Charging stations are being installed with federal grants, and are being installed with only 30 amp service to save money. While this works ok for now, it will create a black eye for the EV industry in a few years when the demand for 90 amps comes into play and more money needs to be spent to update all those little 30 amp sites.

The concerns of consumers will over ride their ignorance, so they need to be sold on their concerns in addition to becoming educated on their range anxiety.


----------



## Sunking (Aug 10, 2009)

evmetro said:


> Charging stations are being installed with federal grants, and are being installed with only 30 amp service to save money.


That has to stop. The issue is the Goberment is trying to pick winners. That has never worked and never will. The Market decides where to go, not government or activist.


----------



## ken will (Dec 19, 2009)

evmetro said:


> I can see that the USA is deeply divided between the right and the left right now, and the division is getting wider every day.
> 
> I do in fact like to stir the political pot,
> 
> I like to poke and prod at the lefties,


Gee! I wonder why....the USA is deeply divided between the right and the left right now, and the division is getting wider every day.

Could it be because of people like you?

Why do you like tearing America apart?


----------



## evmetro (Apr 9, 2012)

Ken, I was doing what I could do to acknowledge Caps18's concerns and to be diplomatic about it on this part of the forum. I have respect for Caps18, and am not going to do any debating in this section of the forum for that reason. I love to spar about politics, and welcome anything that you want to throw my way if you will keep it contained to the few threads that we have in chit chat area. Many forum members don't have the stomach for recreational political debating, so I prefer to not clutter up other parts of this forum with this kind of stuff. Please join me in respecting our forum environment. If you want to call me four letter words or make me out to be a shitbag, I welcome it, but if we keep our bickering contained to those few chit chat threads, other members who don't enjoy this stuff already know to not read those few threads.

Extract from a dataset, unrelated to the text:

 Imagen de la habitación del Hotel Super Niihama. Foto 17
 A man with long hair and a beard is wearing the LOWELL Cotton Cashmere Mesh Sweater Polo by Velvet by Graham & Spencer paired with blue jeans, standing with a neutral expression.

My apologies to the folks that don't enjoy political bickering. I should not have posted this potential can of worms in the news section. 

.


----------



## Caps18 (Jun 8, 2008)

If you critiqued Obama for not implementing the right plan or policy to get 1 million electric cars on the road, I wouldn't have disagreed with you. McCain had the start of a good idea back in 2008 instead of trying to prop up battery makers who wouldn't sell batteries to anybody except OEMs that didn't make EVs that people wanted. http://www.shortnews.com/start.cfm?id=71597
Give $100 million to the automaker who produces the first 300 mile EV for sale at a certain price, along with up to $100 million to the company in discounts to be used to reduce the price of the first 10,000 cars or something. Reduce the regulations for some testing and design constraints for 4 wheel EV cars that Aptera didn't want to deal with (No 3 wheel car will succeed in the US, EV or not). Then help streamline and approve charging stations along the major highways and national park parking lots (Lots of EV parking without chargers at Mammoth Cave National Park in Kentucky, but it is too far from TN for Leafs to get there and back without finding a charger someplace).

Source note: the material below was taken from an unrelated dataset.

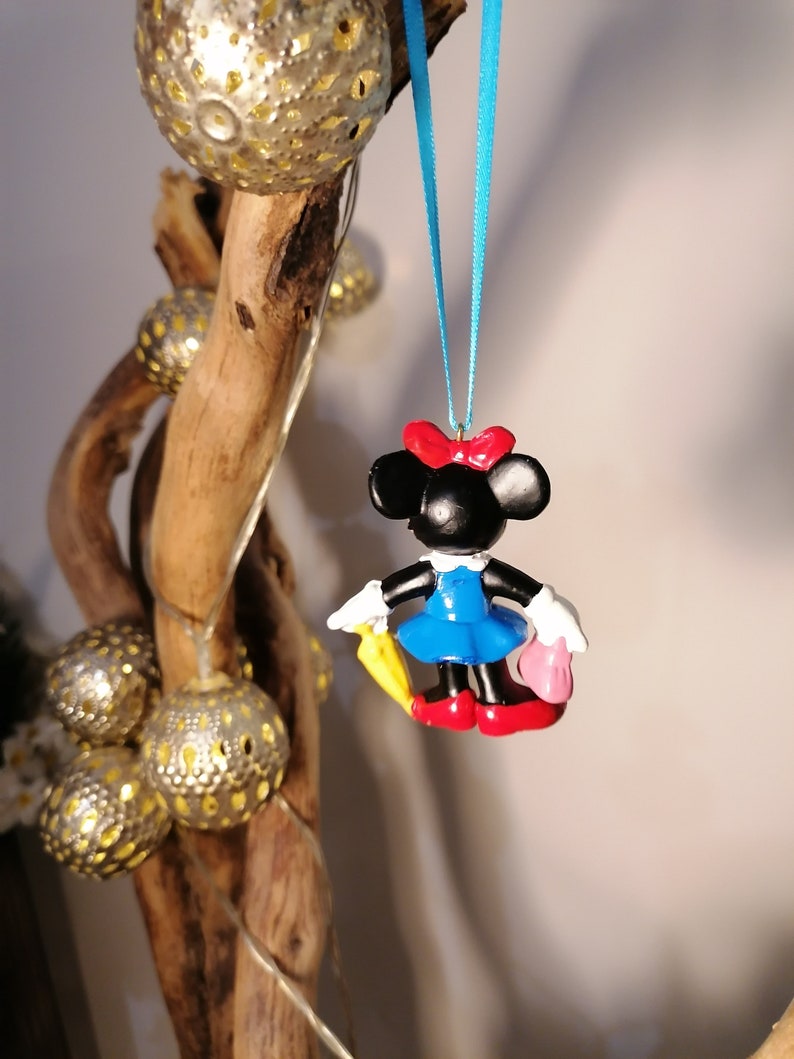 Op de afbeelding: Een blauwe en rode Minnie Mouse-versiering met een gele paraplu en een roze handtas die aan een blauw lint hangt.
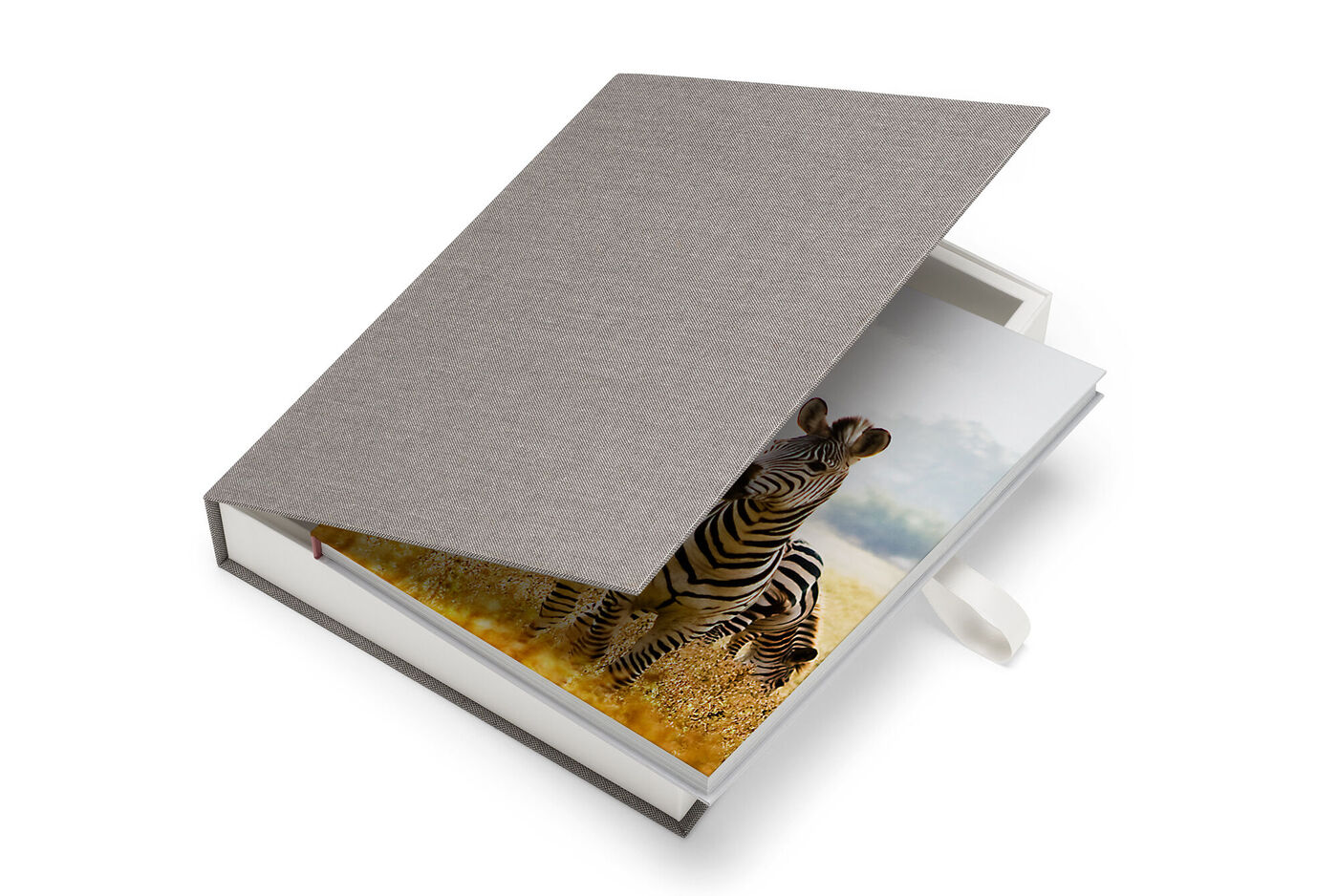 En öppen CEWE FOTOBOK med en zebra på första sidan i en hjärtlig miljö.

If you would have asked where the Democrats and their advocacy groups are at helping to pass laws and relax regulations on electric vehicles to encourage them, I wouldn't have disagreed with you. Or why aren't Democrats buying more EV's/plug-in's or at least backing them more, I don't know? Why aren't they saying that every time you fill up, you are giving money to the opposition... So even if the environment isn't your main issue, it affects every other issue too? And I'm pissed that Washington and Oregon (not really right-wing states) want to tax EVs through GPS or $100/year when my gas car pays $25/year in gas taxes. Now, if they quadrupled the gas tax, I wouldn't have a problem paying the $100, but it seems like they wanted to punish people who drive EVs the way they went about it, and way too soon. Maybe once 5%-10% of the vehicles in a state are electric, then the tax discussion can start.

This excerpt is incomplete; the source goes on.